His turnout was dwarfed not only by the big two but also by hard-left candidate Jean-Luc Mélenchon. Tens of thousands turned out for his march and rally on the same day in the same city – his third show of strength following equally large mobilisations in Paris and Toulouse.

But for the leading candidates, the crowds were for the cameras. They hope that TV coverage will create a buzz in the country’s living rooms that will last until next Sunday.

Many French voters have complained that the campaign has failed to address their real concerns, first and foremost jobs and incomes in these uncertain economic times.

With most candidates implying that hard times are ahead with their pledges to balance the budget and the right taking a mid-campaign detour via immigration, Islam and law and order, a record number of voters have told the pollsters that they either haven’t made their minds up or may not bother to go to the polls.

The danger is even greater since the first round takes place during the schools’ spring break, meaning that a fair chunk of the electorate is likely to be several kilometres from the polling booths where it should be casting its ballots.

It’s usually the left that suffers most from abstentions, so Hollande faces the biggest challenge.

Apart from a brief dip last week, possibly thanks to Mohamed Merah’s killing spree in south-west France, his poll showings have been ahead of Sarkozy’s in both the first and second rounds.

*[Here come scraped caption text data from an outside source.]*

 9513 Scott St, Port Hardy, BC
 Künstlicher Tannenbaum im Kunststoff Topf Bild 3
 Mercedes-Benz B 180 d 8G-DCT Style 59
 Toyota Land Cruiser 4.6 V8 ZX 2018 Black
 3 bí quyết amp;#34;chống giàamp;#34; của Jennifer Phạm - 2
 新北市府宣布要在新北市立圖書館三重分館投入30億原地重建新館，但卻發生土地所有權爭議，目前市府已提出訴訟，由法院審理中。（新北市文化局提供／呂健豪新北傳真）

But there are no guarantees that he will get bums off seats on the day, leaving the result far less predictable than it at first seems.

There is one candidate who has inspired his supporters “to dream”, as the French like to say. Mélenchon has risen from about six per cent to between 13 and 14 per cent, giving voice to the anti-capitalist mood that has seen left-winger George Galloway elected in a British by-election last month and confidence in Greece’s mainstream parties collapse.

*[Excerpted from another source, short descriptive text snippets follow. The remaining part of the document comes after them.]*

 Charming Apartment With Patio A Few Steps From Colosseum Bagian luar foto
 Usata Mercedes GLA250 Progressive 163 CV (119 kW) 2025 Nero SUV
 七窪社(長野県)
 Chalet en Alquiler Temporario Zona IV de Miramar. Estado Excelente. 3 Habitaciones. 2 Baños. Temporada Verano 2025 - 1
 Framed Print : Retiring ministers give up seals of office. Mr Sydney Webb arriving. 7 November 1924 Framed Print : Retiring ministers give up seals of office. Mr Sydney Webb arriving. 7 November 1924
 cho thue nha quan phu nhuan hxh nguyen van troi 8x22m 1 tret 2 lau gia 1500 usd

Sarkozy and his supporters hope that his vote will eat into Hollande’s support, while Hollande obviously wants those ballots to be cast for him, leading to everyone being uncharacteristically nice to Jean-Luc and relatively nasty to the markets over the last few days.

Mélenchon argues that he has not reduced Hollande’s support but motivated voters who found the Socialist campaign too tepid. Broadly speaking, the opinion polls seem to bear that argument out – the Socialist’s share has stayed at 26-30 per cent while the Left Front man’s has doubled.

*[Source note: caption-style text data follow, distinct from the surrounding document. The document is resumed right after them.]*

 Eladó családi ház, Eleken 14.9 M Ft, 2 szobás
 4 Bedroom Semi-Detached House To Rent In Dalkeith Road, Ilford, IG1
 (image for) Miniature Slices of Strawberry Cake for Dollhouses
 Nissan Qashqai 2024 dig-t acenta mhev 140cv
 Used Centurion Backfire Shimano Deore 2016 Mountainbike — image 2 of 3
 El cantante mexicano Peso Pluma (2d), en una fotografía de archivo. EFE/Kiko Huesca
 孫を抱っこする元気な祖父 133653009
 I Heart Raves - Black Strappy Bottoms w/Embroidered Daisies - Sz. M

But that’s assuming all the promises turn into votes and Hollande’s electorate may prove particularly difficult to mobilise.

In 2002 the hard left did not unite around one candidate, as it has this year. Nevertheless, the combined share of the left of the left was nearly 14 per cent, less than three points behind Socialist Lionel Jospin. 

That meant that the second-placed candidate was the far right’s Jean-Marie Le Pen. And that led to incumbent mainstream right-winger Jacques Chirac winning by a majority of near-North Korean proportions.

The Sarkozy camp, which has echoed much of the rhetoric of Le Pen’s Front National (FN) during this campaign, would obviously love a repeat in 2012. A face-off with Jean-Marie’s daughter, Marine Le Pen, who has stepped into her father’s shoes, would guarantee a Sarkozy victory.

Not all the FN's support shows up in the opinion polls,  but Le Pen seems not to have experienced the leap she had hoped for and she is currently vying for third place with Mélenchon.

Perversely, that could work in Hollande’s favour. Sarkozy’s dream is the left’s nightmare and many Mélenchon voters’ resolve may weaken next Sunday morning if they wake up with a nagging fear of a 2002 rerun.

So nerves must be more than usually stretched in all the main candidates’ camps this week. If the electorate finds the 2012 presidential election campaign boring, we can be sure that the candidates don’t.